WHAT THIS TASK INVOLVES
Your answer must be an exact copy of the listing, with the images left out.

DATA BLOCK
☆ ☆ ☆ ☆ ☆ ☆ ☆

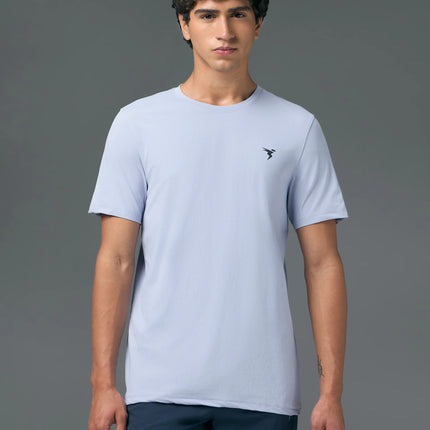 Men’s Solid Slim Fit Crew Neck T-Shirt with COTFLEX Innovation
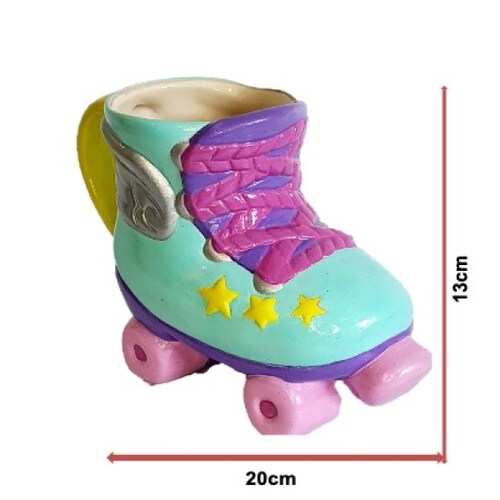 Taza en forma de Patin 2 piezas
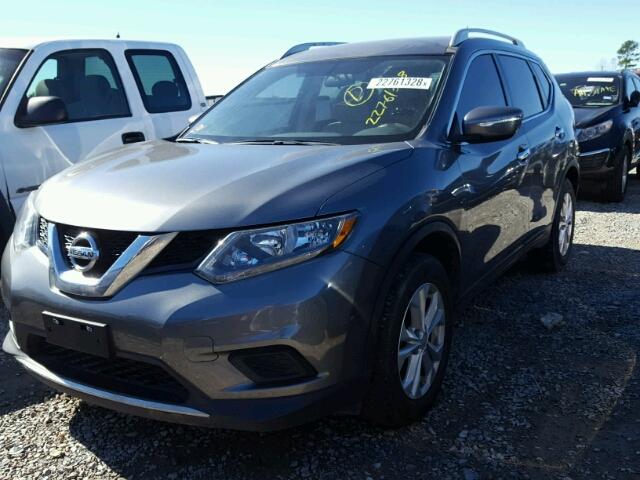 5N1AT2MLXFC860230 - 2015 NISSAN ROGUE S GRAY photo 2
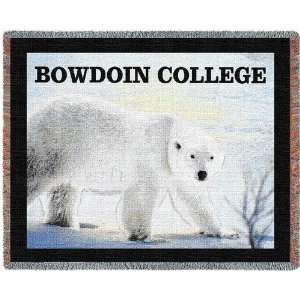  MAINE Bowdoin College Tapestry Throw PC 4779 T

☆ ☆ ☆ ☆ ☆ ☆ ☆

ANSWER BOX
 Men’s Solid Slim Fit Crew Neck T-Shirt with COTFLEX Innovation
 Taza en forma de Patin 2 piezas
 5N1AT2MLXFC860230 - 2015 NISSAN ROGUE S GRAY photo 2
  MAINE Bowdoin College Tapestry Throw PC 4779 T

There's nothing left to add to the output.